Data provided:
--- START ---

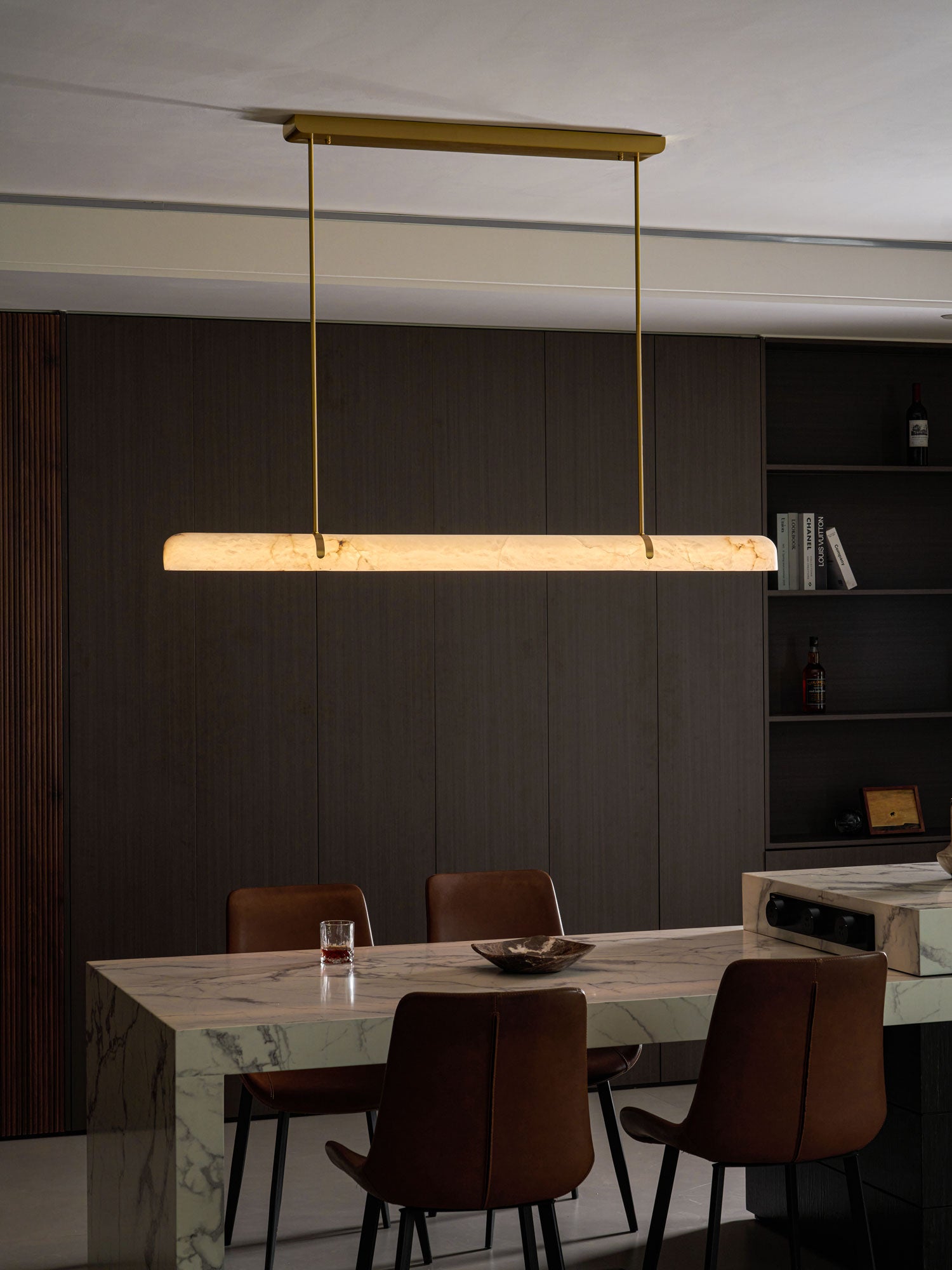 Linear Alabaster Chandelier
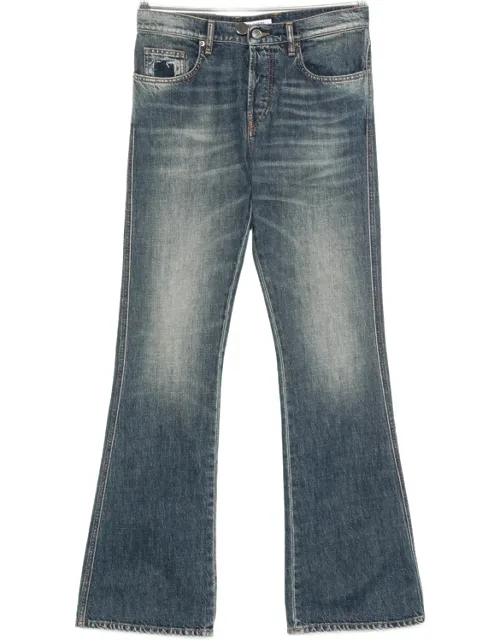 Faded-effect Whiskered Jeans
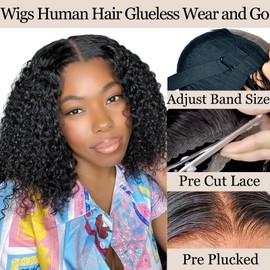 Wear and Go Glueless Bob Wigs Human Hair Pre Plucked Pre Cut Water Wave Curly Bob Wig Human Hair Glueless Short 4×4 Lace Front Wigs Human Hair For Black Woman Natural Black 12inch 180% Density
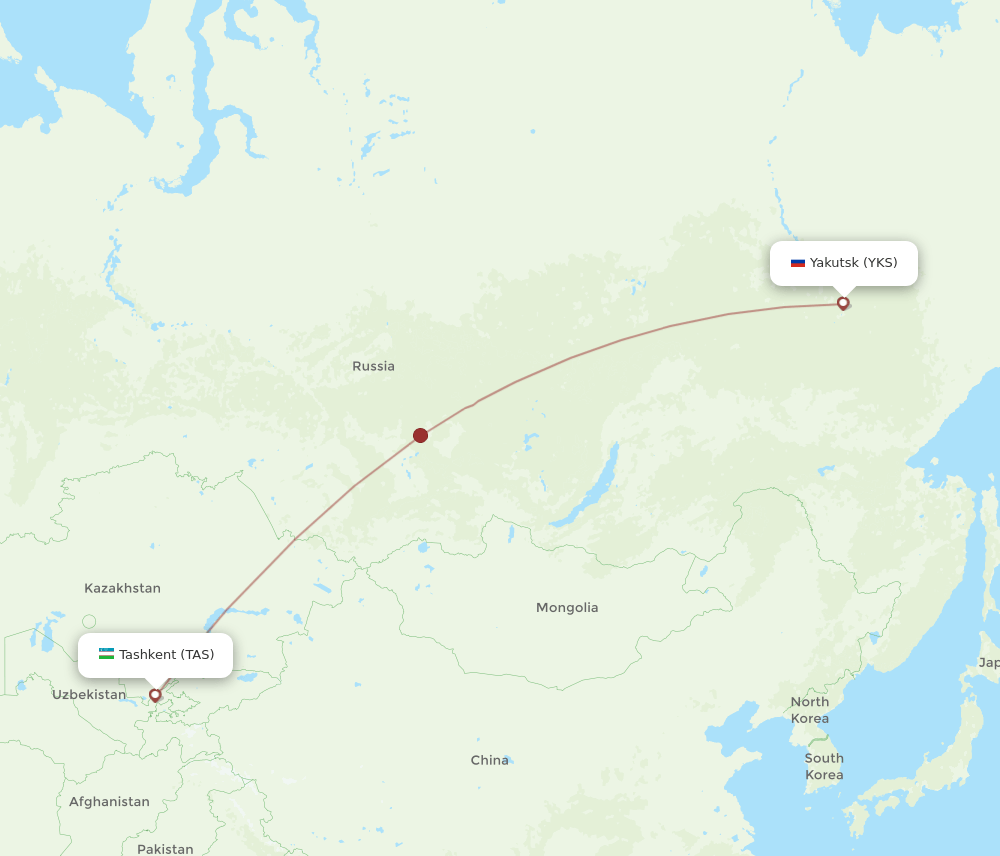 YKS-TAS flight routes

--- END ---

Task details: Transcribe the material exactly, and leave out whatever pictures it holds.

Solution below:
 Linear Alabaster Chandelier
 Faded-effect Whiskered Jeans
 Wear and Go Glueless Bob Wigs Human Hair Pre Plucked Pre Cut Water Wave Curly Bob Wig Human Hair Glueless Short 4×4 Lace Front Wigs Human Hair For Black Woman Natural Black 12inch 180% Density
 YKS-TAS flight routes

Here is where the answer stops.